Merhangarh – E’ il forte che domina la città, forse il più suggestivo del Rajastan, vi si può arrivare a piedi da qui in 500 metri di dura salita o in macchina attraverso una tortuosa strada che risale la collina. Ingresso 500R (400 ai senor) con audioguida + 100 per le foto. I bastioni arrivano fino a 36 metri di altezza e da qui si domina un panorama completo sulla città ed il territorio circostante. Possibilità di arrivare in cima con un ascensore (35 R) e percorrere il giro in discesa. Una serie di porte colossali sbarra di tanto in tanto la tortuosa salita. Dietro una di queste, la Loha Pol si nota un bassorilievo di piccole mani, una per ogni sati (sacrificio) compiuto da una delle vedove del palazzo. L’interno del palazzo dalla mirabile e raffinatissima architettura è un ricco museo in cui si possono vedere, dipinti, mobili, palanchini, armi, manoscritti, fotografie ed ambienti dell’epoca. Da non perdere la camera da letto del maharaja e il vicino zenana, la parte dedicata alle donne. Si può fare anche un suggestivo itinerario a piedi sui bastioni.

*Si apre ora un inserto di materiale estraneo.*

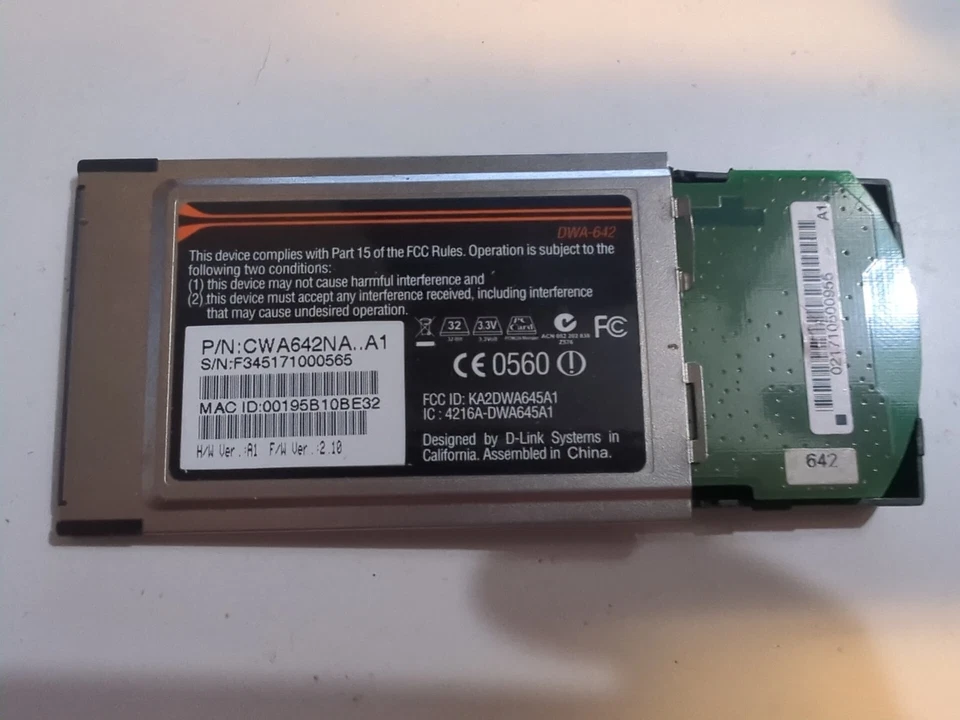 D-Link RangeBooster N DWA-642 Wireless N PC Card WiFi Network Adapter - Image 2 of 2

Jaswant Thanda – Ingresso 30R + 25. Mausoleo di marmo bianco riccamente istoriato che sorge a qualche centinaio dimetri dal forte, in un bel giardino. Da qui splendida veduta della città e del vicino forte. Lontano qualche chilometro si scorge la sagoma del Umaid Bhawan Palace edificato all’inizio del secolo scorso su una collina.